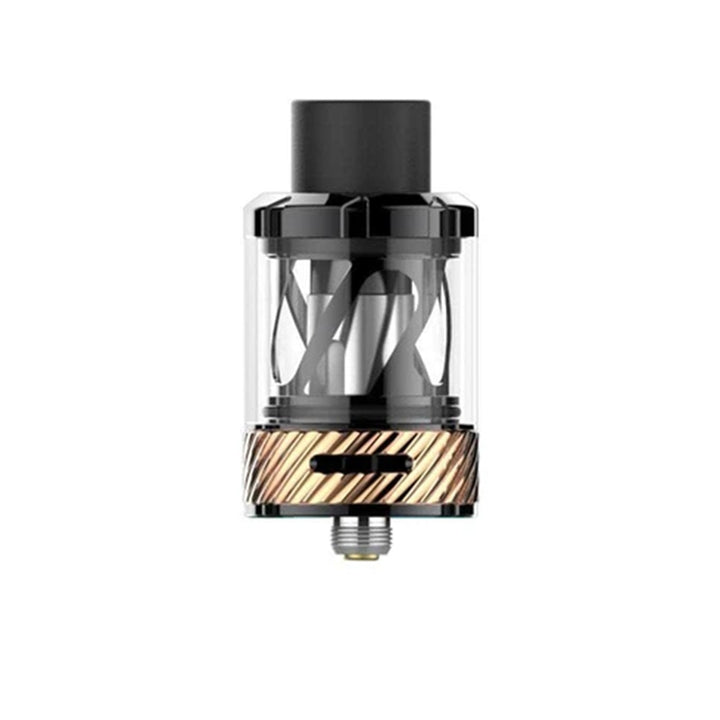 Uwell Nunchaku Sub-Ohm Tank - koolvapes -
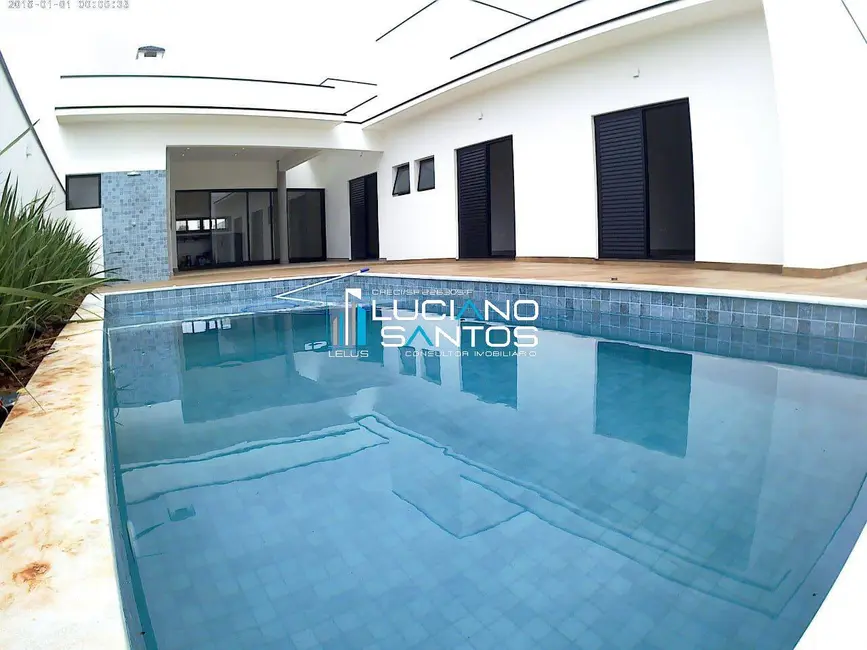 Foto 4 de Casa com 3 quartos à venda, 400m2 em Boituva - SP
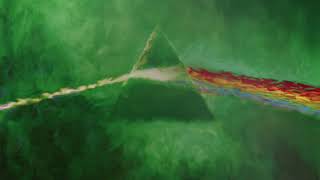 Pink Floyd - The Dark Side Of The Moon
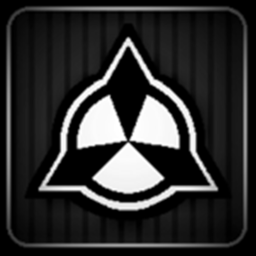 [BETA] SCP | ACF - Athena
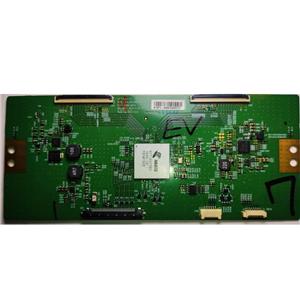 6870c-0627a-v16_uhd_memc_60hz_ver07-t-con-board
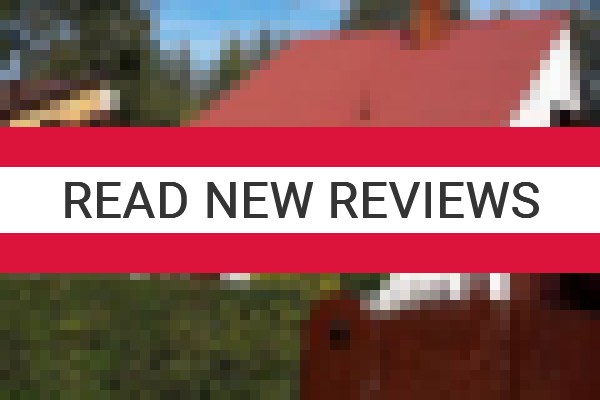 www.domekletniskowy.info - check out latest independent reviews
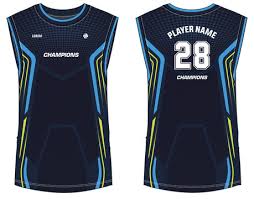 I found it hard to find a free one. Basketball Jersey Mockup Photos Royalty Free Images Graphics Vectors Videos Adobe Stock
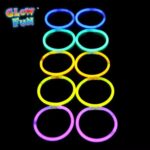 WhatsApp Image 2025 01 06 at 7.26.15 PM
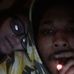 Tony Kimbrough - Facebook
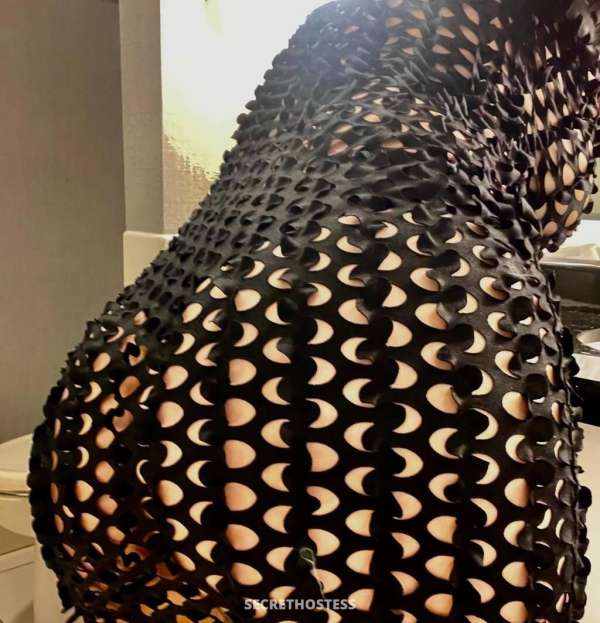 Elysa 37Yrs Old Escort Toronto Image - 4
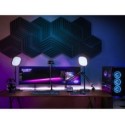 Elgato Elgato Wave Panels (Set Blue) Elgato Elgato Wave Panels (Set Blue)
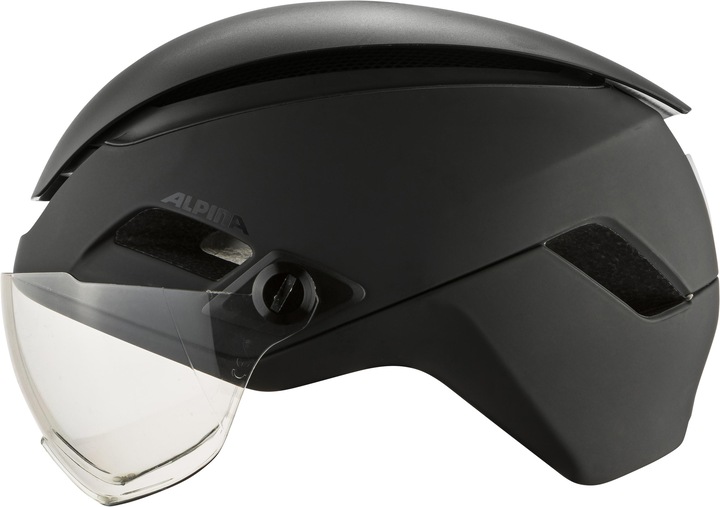 Produktbild ALPINA SPORTS Altona (52 - 57 cm)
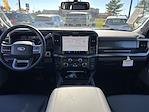 New 2026 Ford F-250 Lariat Crew Cab 4WD Pickup for sale #KBF260781 - photo 20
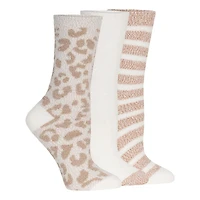 3pk Tootsie Roll Gift Box Set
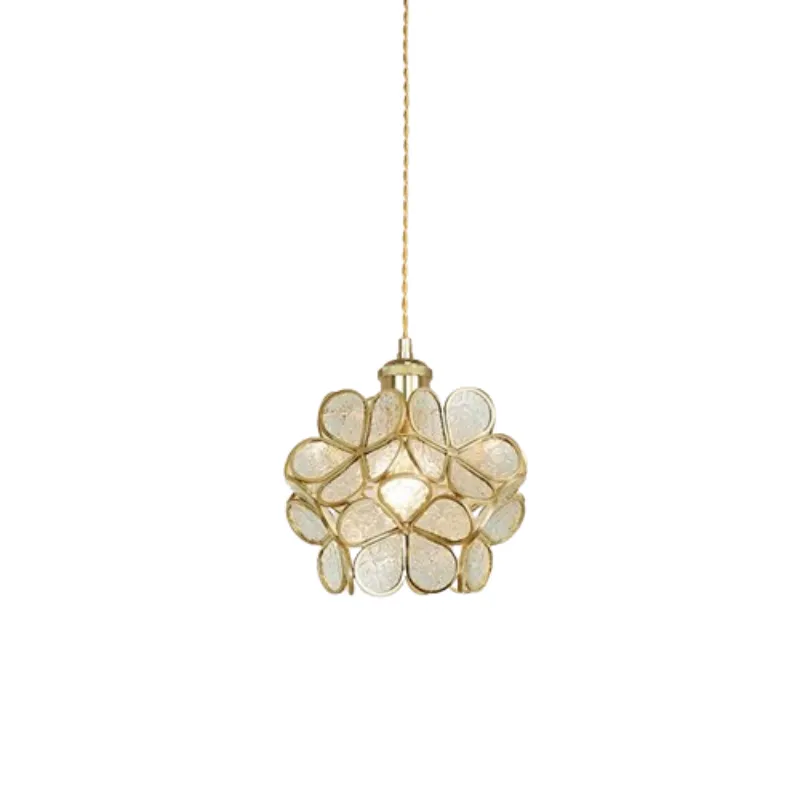 KindleIkigai Pendant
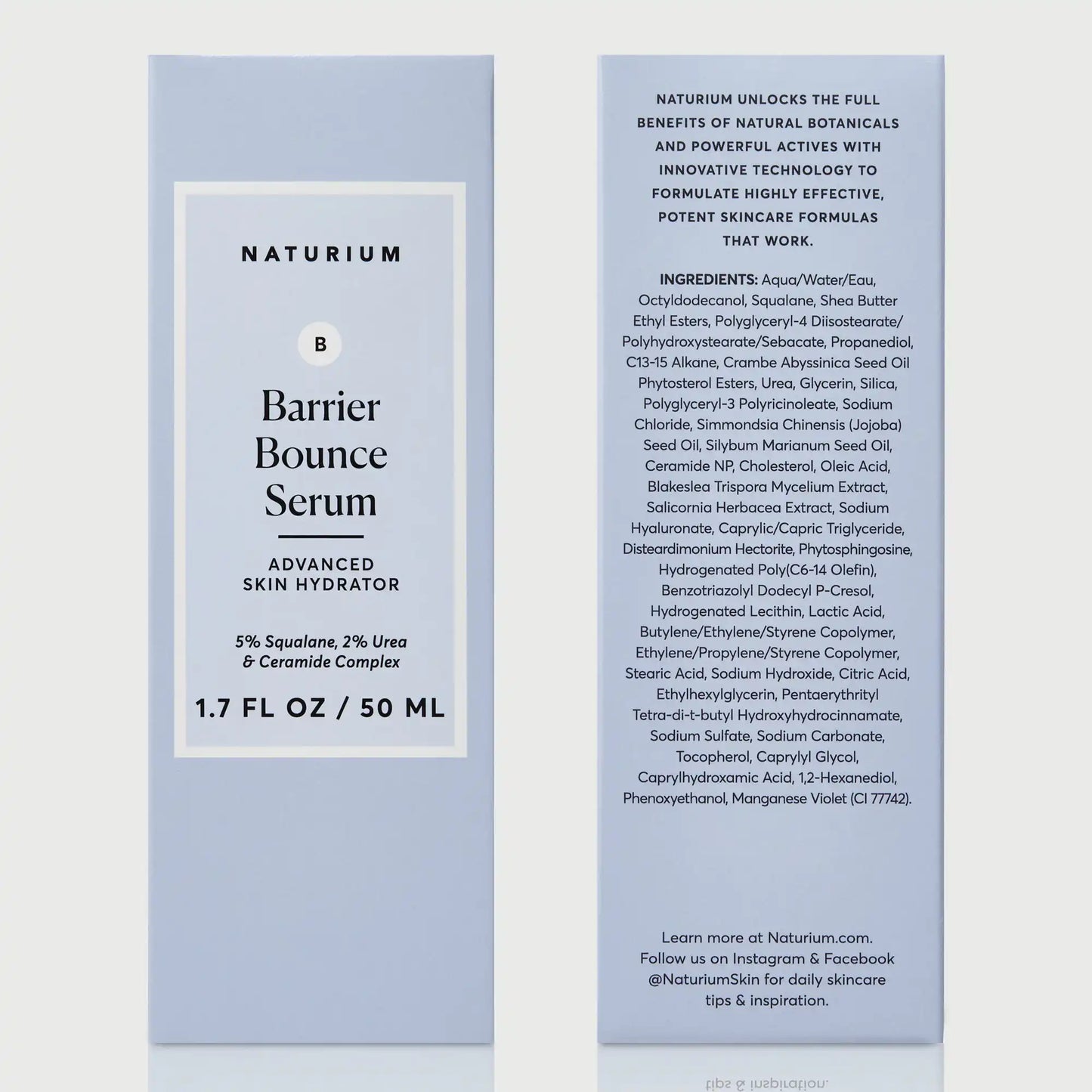 barrier-bounce-serum-l8 NATR-10101_Barrier-Bounce-Serum_UC_frontback_bonebkgd.webp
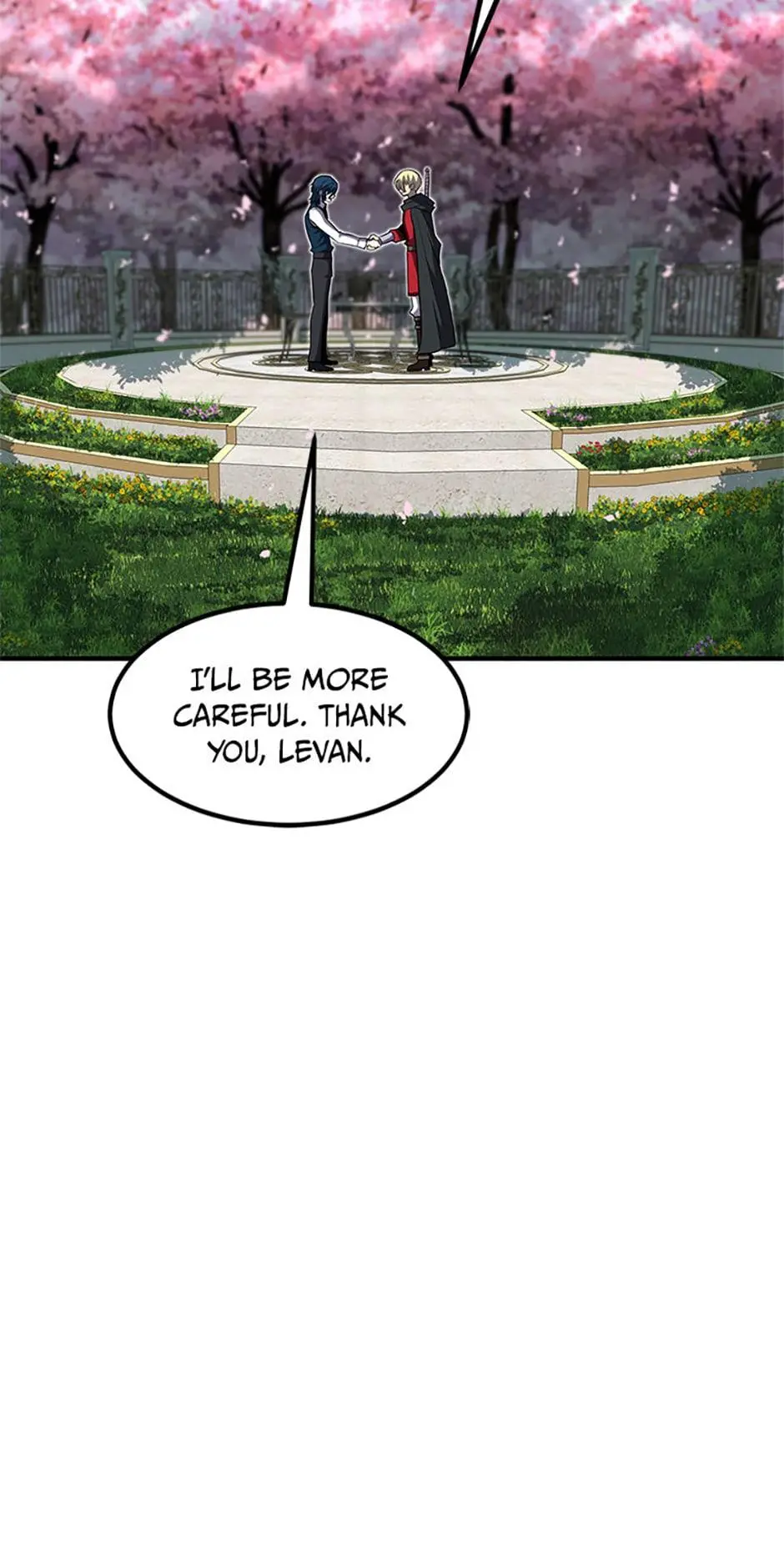Read Standard Of Reincarnation - Chapter 36 - www.standardofreincarnation.org | Image 68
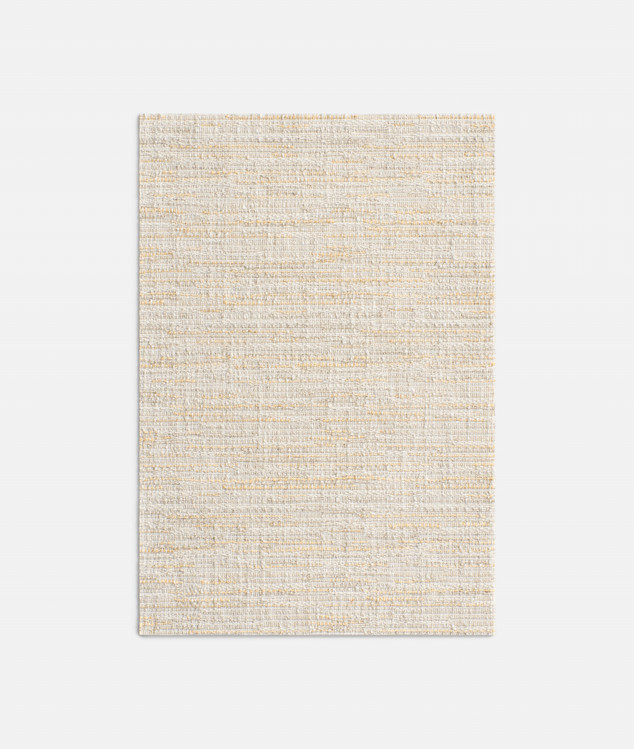 001|Linen,Beige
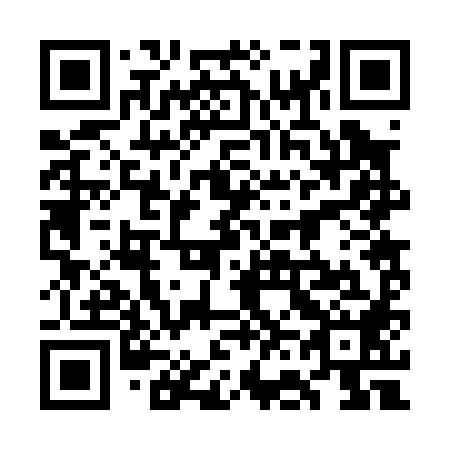 QR code for 7F2088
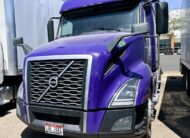 truck 208216 (7+1)-9057607267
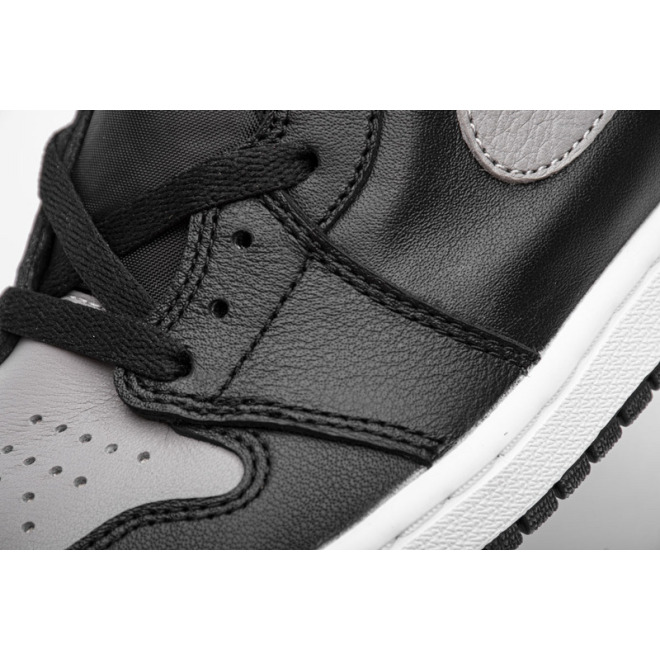 Jordan 1 Retro High Shadow (2018) (Top Quality)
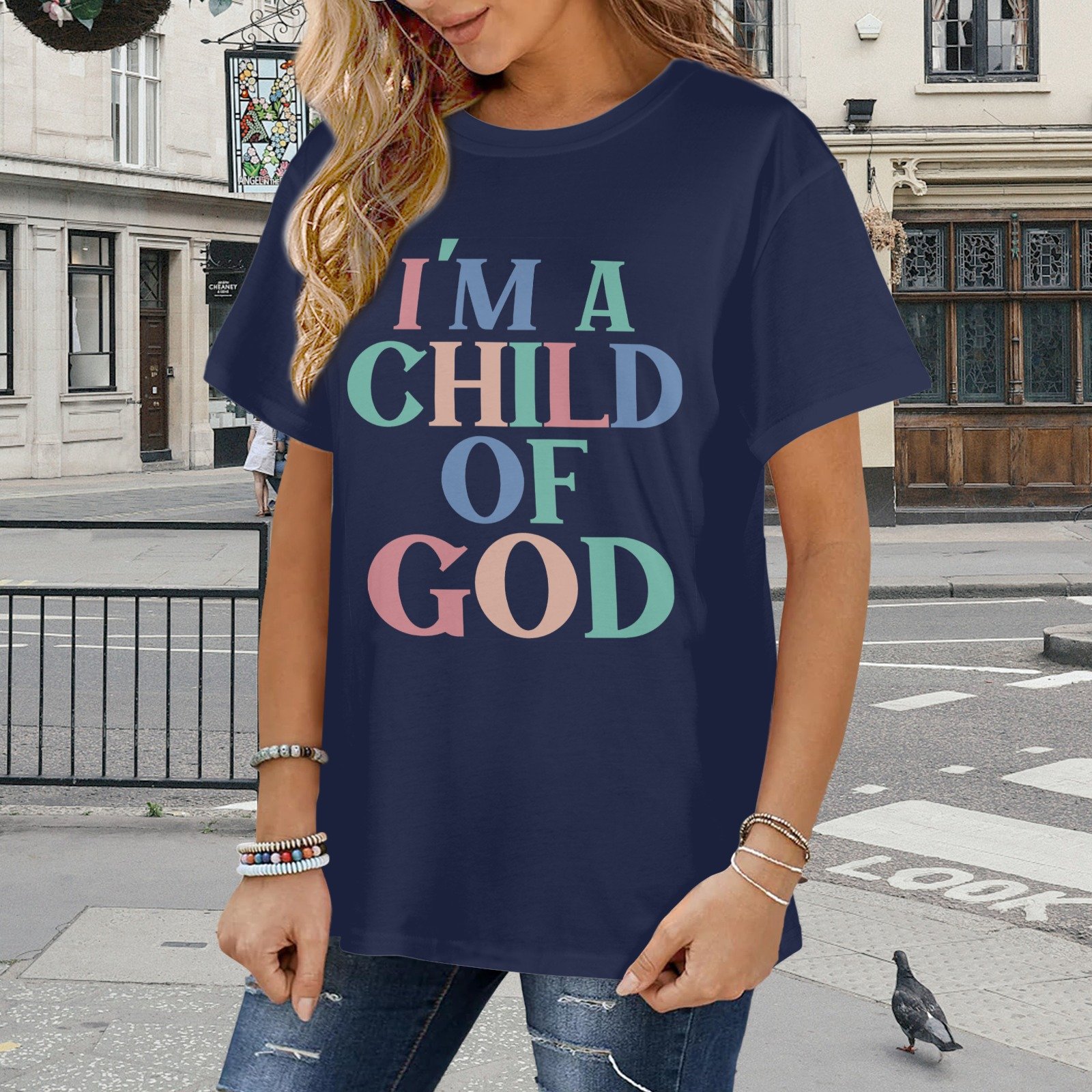 7850483c16494531ae2c48163b52cb18.jpg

════════════════

What to do: Repeat only what runs from the first line of the records above to the line with "www.domekletniskowy.info - check", both included, word for word, minus the pictures.

Written solution:
 Uwell Nunchaku Sub-Ohm Tank - koolvapes -
 Foto 4 de Casa com 3 quartos à venda, 400m2 em Boituva - SP
 Pink Floyd - The Dark Side Of The Moon
 [BETA] SCP | ACF - Athena
 6870c-0627a-v16_uhd_memc_60hz_ver07-t-con-board
 www.domekletniskowy.info - check out latest independent reviews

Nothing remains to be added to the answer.